La “opera prima” de Tomás Alzamora tiene las virtudes –y los defectos- de la mayoría de las comedias chilenas, en particular aquellas que recurren a “comediantes” conocidos.
Basada en una “historia real” relata la historia de un periódico de pueblo que está a punto de quebrar. Entonces, el periodista (Salinas) y el fotógrafo (Ernesto Meléndez) –aunque hacen de todo junto al prensista- deciden inventar noticias, “mentiritas blancas” para poder aumentar las ventas de ejemplares y de publicidad y salvar así el periódico.
Los problemas surgen cuando se dan cuenta que el dueño del medio ha estado inventando mentiras para engañar a la gente y hacer un gran negocio.
Quizás el mayor aporte de Mentirita Blanca es ese diálogo entre la historia relatada y “la realidad”, dada por una serie de testimonios que se van entregando de manera paralela al desarrollo de la película, junto a la incorporación de personas de San Carlos, donde se graba la cinta y ciudad de origen del director.
Mentirita Blanca ofrece poco más. Rodrigo Salinas hegemoniza la historia con su forma tan particular de actuar. El humor es básico, local, y algunas veces pasa ciertos límites –al menos a mí juicio-, al mofarse de personas con discapacidades, campesinos o pobres. De los más débiles.

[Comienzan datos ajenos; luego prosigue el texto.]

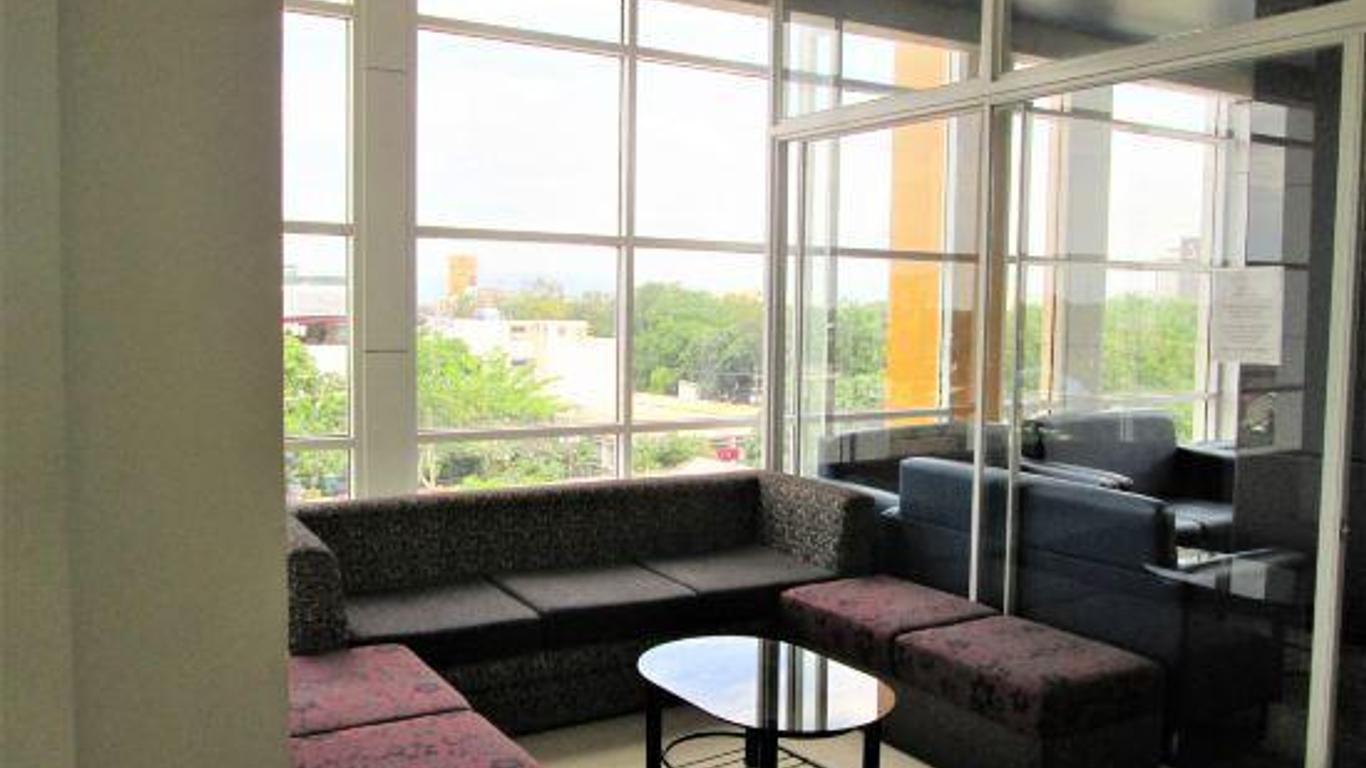 ماريان سويتس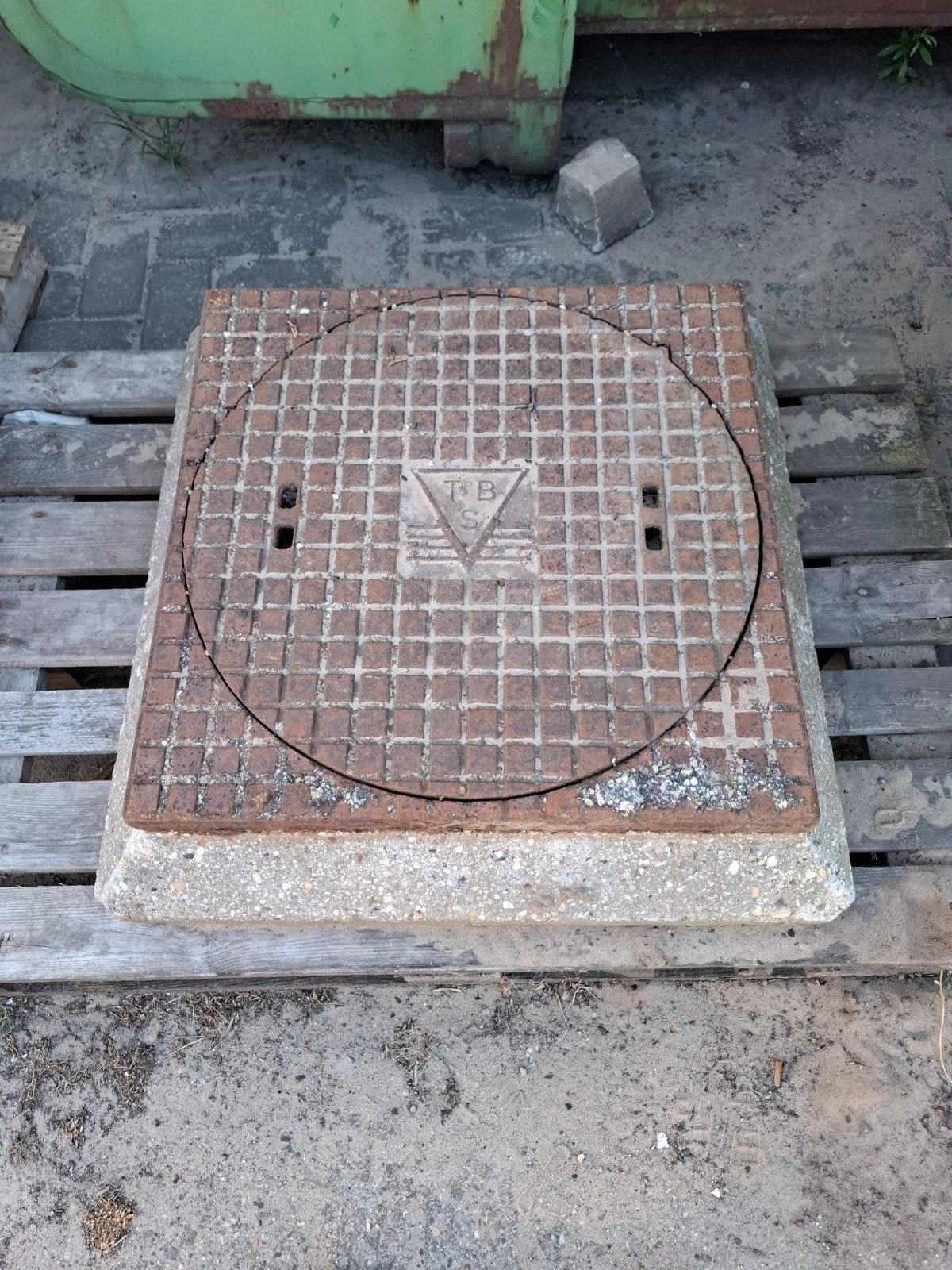 Riolering putdeksel, 17 cm hoog, Ophalen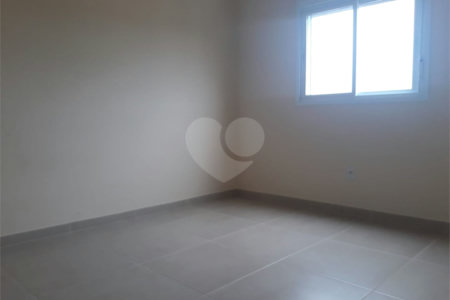 Apartamento à venda com 2 quartos, sendo 1 suíte,  em Jardim Brasil, São Roque, SP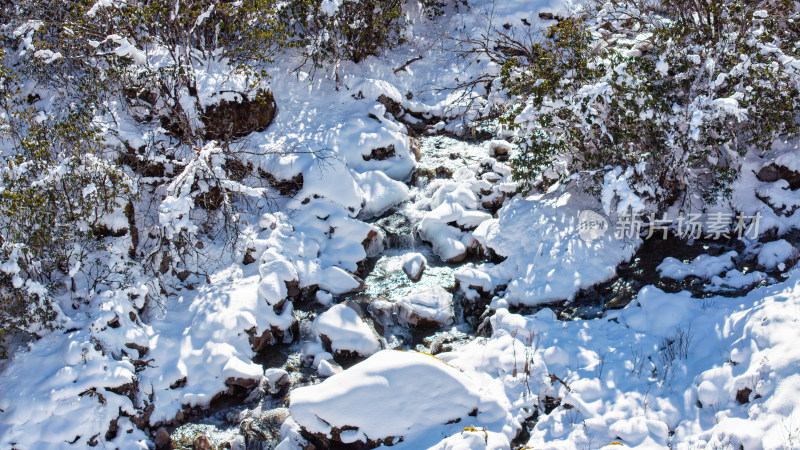 四川甘孜海螺沟景区冬季的雪水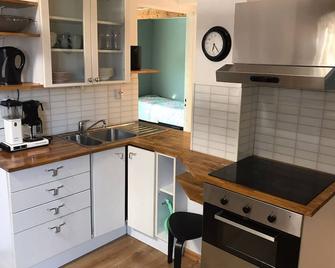 Hyllstofta cozy Apartmant - Klippan - Kitchen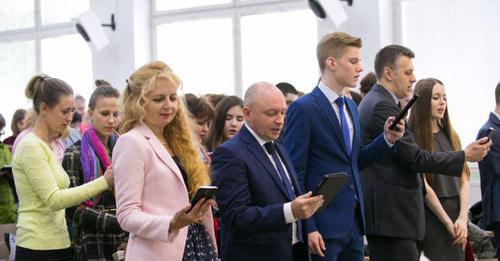 Свидетели Иеговы*. Фото: RFE/RL Свидетели Иеговы*. Фото: RFE/RL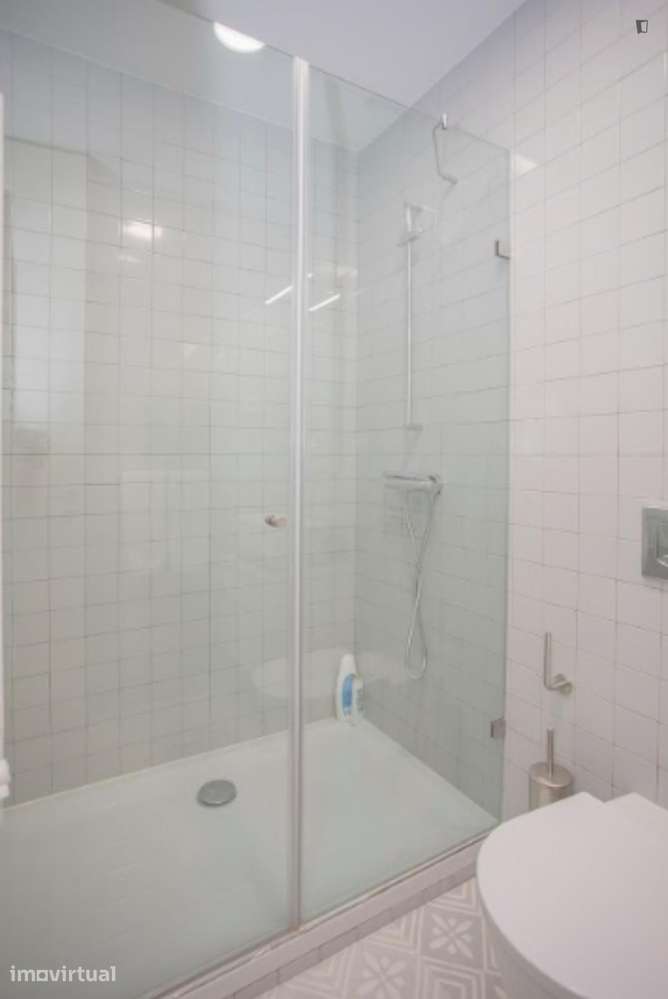 Apartamento com 2 quartos - localizado em Miragaia Porto - Grande imagem: 5/24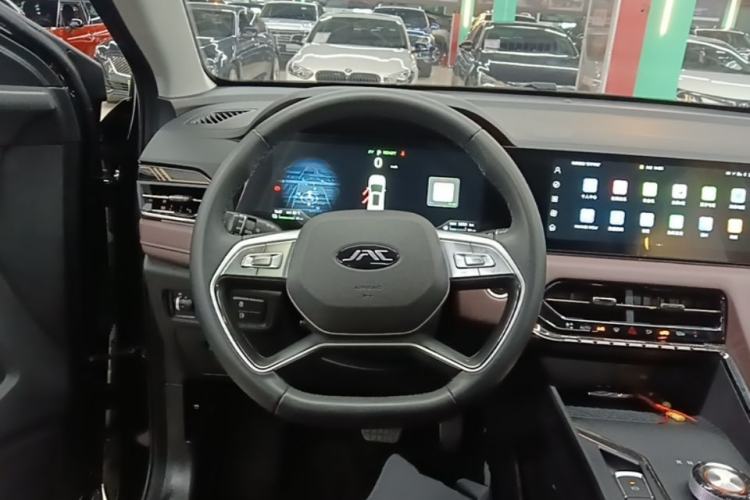 Used JAC X8 E 2024 Home Edition 7-Seater Steering Wheel
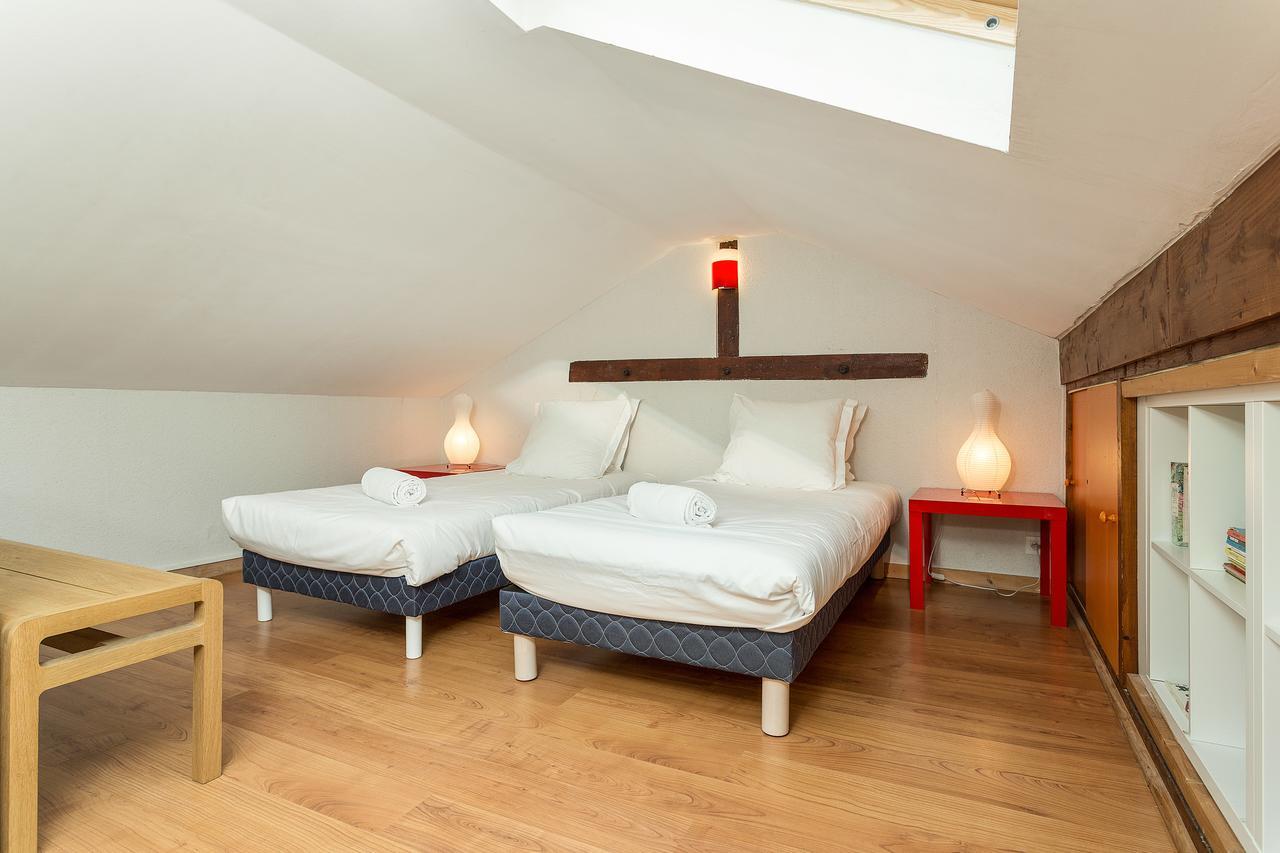 Apartment Maisonnee - A Charming Chamonix Haven Bagian luar foto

El rol de Catalina Saavedra se ve trabado por un personaje con un humor errático y a ratos chocante. Daniel Antivilo es desaprovechado. Los personajes son planos, el “malo” tiene aspecto de malo y actúa como tal, y así cada uno de los personajes, siendo lo más interesante los “actores” locales, la gente del lugar que participó.
Es muy posible que Mentirita Blanca tenga una buena cantidad de espectadores, como otras comedias, pero como éstas probablemente pasará rápidamente al olvido como la mayoría de las producciones nacionales del género.